Ever since Kissinger branded Bangladesh a basket case, development aid and its practitioners have flocked here as it became a testing ground for fine-tuning development models and practices.
Bangladesh is now among the fastest growing economies, thanks to its thriving businesses and many trade agreements. However, it faces multiple challenges on the road to transitioning to a lower middle-income country, including no longer having LDC benefits. First off, it has a poor record of attracting FDIs, has highly concentrated exports and suffers weak competitiveness because of corruption and poor physical and social infrastructure.
For example, there are no policies or acts for establishing social enterprises, but enterprises in Bangladesh are growing at both social and commercial scales which need governance and policy support. We also need to remember that our greatest resource is our human resource and with increasing tensions/conflicts around the world, more of our remittance earning workers will be returning home. We will need to absorb them into our economic space and we can do so by expanding home businesses and enterprises. Furthermore, to harness their full potential they will need to develop their skills beyond academic institutions.
The challenge at this point, is not having the know-how but policies that propagates knowledge transfer and the fostering of local businesses—we could look at how high performing countries have done it.
So what is knowledge transfer? It is the transfer of tangible and intellectual property, expertise, learning and skills between academia, non-academic community, practitioners and experts in both tacit and explicit ways. It used a concept in business management for the continued growth of businesses. However, for government and investors it could give an important return on investment, one that provides significant boost to enhance economic growth and societal wellbeing. Sustainability, which is now key to development all throughout the world can be ensured through knowledge transfer.

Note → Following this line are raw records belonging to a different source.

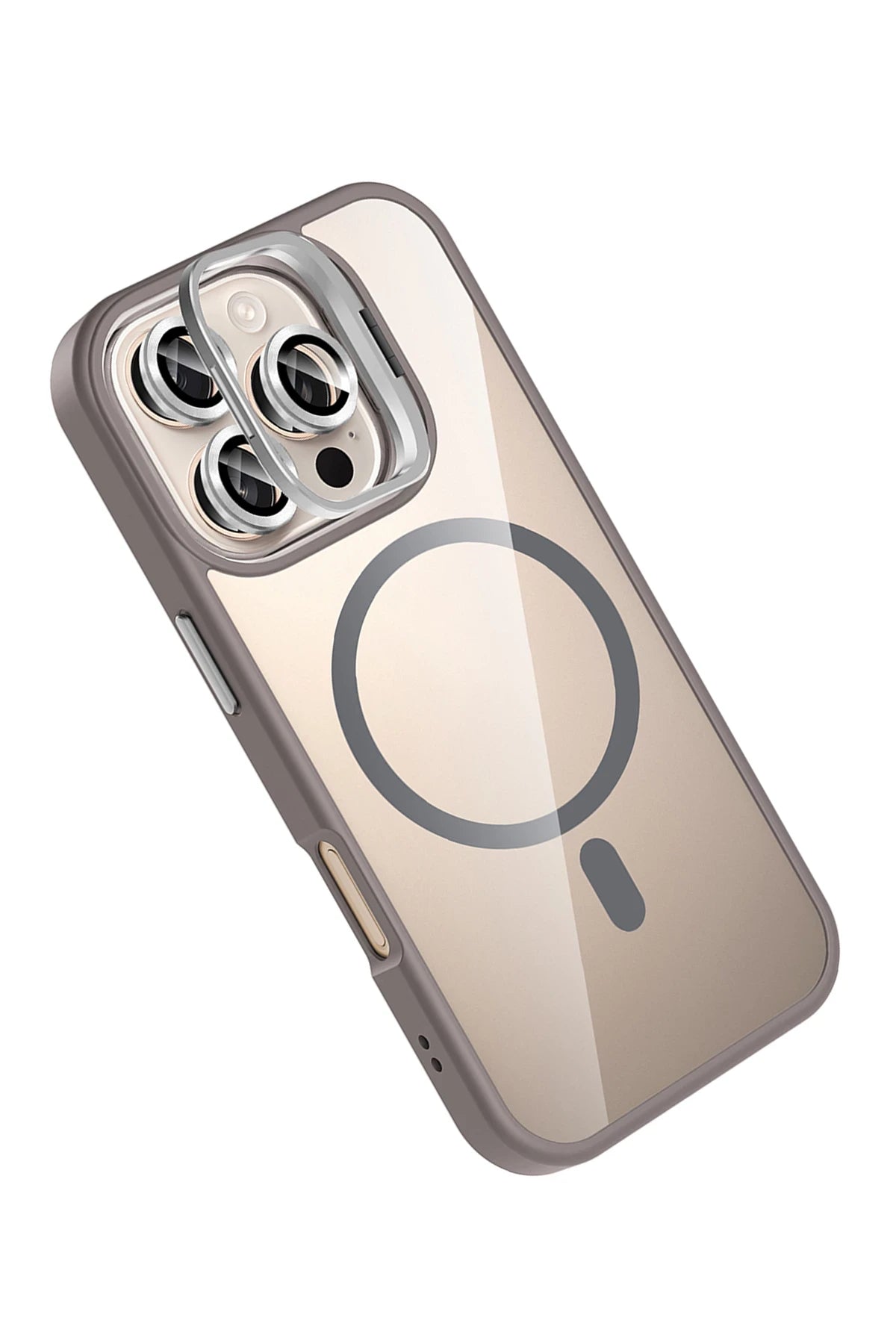 Joko Apple iPhone 16 Pro Remim Lensli Magsafe Standlı Telefon Kılıfı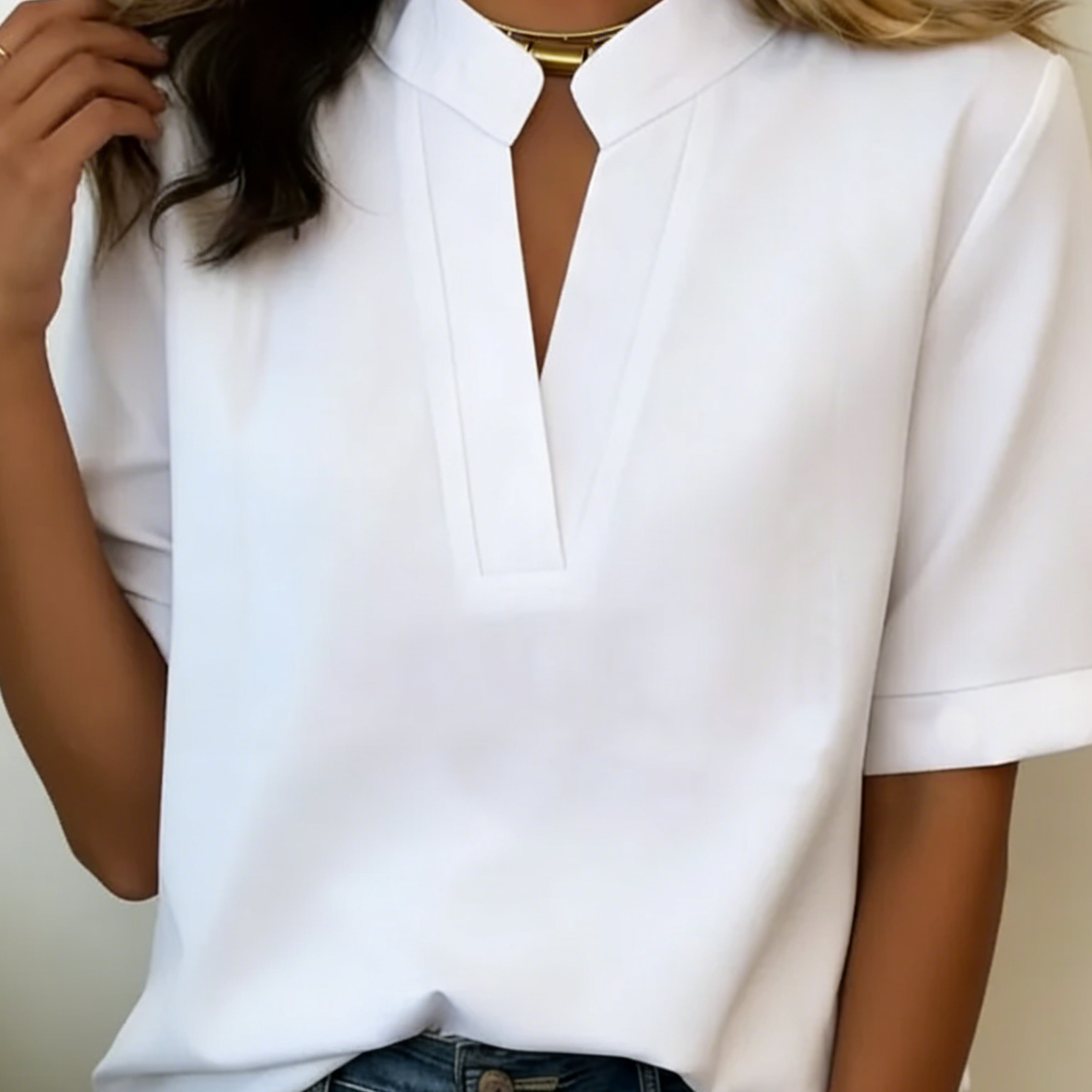 Caterina | Camicia a Maniche Corte Relaxed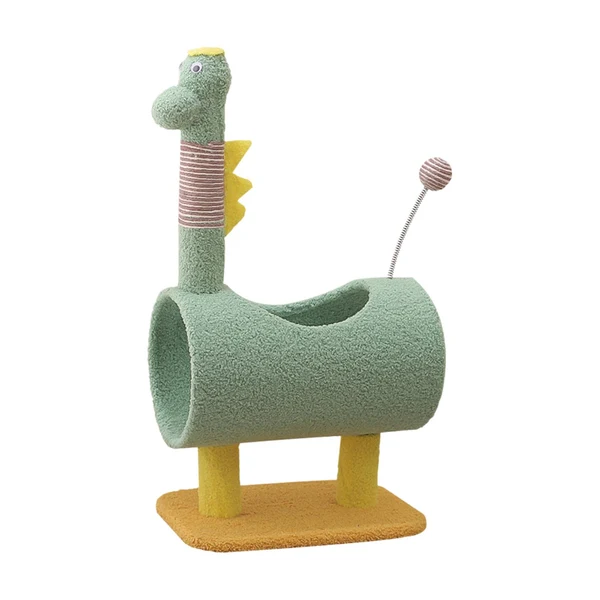 Healthy Maxbell Plush Cat Climbing Tower Cat Interactive Toys Stable Base Durable Cat Tree Green Contemporary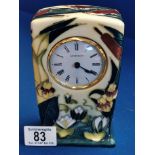 Moorcroft Waterlily Mantle Clock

If we look to our neighbours, the post-independence policies made by Nehru and his administration was that of knowledge transfer by ensuring that businesses can grow and expand elsewhere, but that knowledge, capacity and network, is passed on to the next generation of Indians. The Non-Alignment Movement (NAM) is notable in increasing the interest of FDIs in India—a tacit means for nations to follow their own interest without disturbing another, in-tune with the domestic requirement of democracy and socialism, so that even opposing superpowers could work with India without finding conflicts of interest. Aid, for example, was welcome from any region; be it USSR or USA, Germany or Japan. On the other hand, foreign trade and investment were encouraged but regularised with terms and conditions of investment and employment. Thus, when Honda came to India, it came with an exit plan, which was the building of India's own manufacturing capacity, hence emerged Hero Honda. Currently India's “Make-in-India” campaign is a continuation of this drive to locally built domestic industries through knowledge transfer from well-established giants in businesses.
Knowledge transfer is not just about communication, it seeks to organise, create, capture or distribute knowledge and ensure its availability for future users. In an increasingly global locality of practitioners, innovation and ICT, the transfer of policies from one country or region to another in a short span of time has become feasible at a large scale. There has been a lot of attention in the field of public administration for policy transfer and institutional transplantation. This is where we can make our experience as a nation more meaningful especially where our foreign trade and relations are concerned.
Our unique ability to build resilience in climate vulnerable regions, our crisis management of the refugee influx are aspects that so many countries can learn from. However, because we do not have any policies in place when it comes to these issues, so much of the knowledge that we generate do not get passed on. Which is why we continually need to hire experts from abroad at high costs, also in case of managing our major industries and development projects.
We may not have had policies in the past but there is no reason not to implement them today as that would be in our own best interest. This will also help us develop local capacities, especially from neighbouring countries. There is much to be gained from such collaboration. It is thus extremely important at this stage of our graduation from LDC that the knowledge we have be documented, nurtured and capitalised on, as there are many things that other countries can learn from us and vice-versa.
Sharmin Ahmed is a development practitioner with a focus on private sector development and market systems development.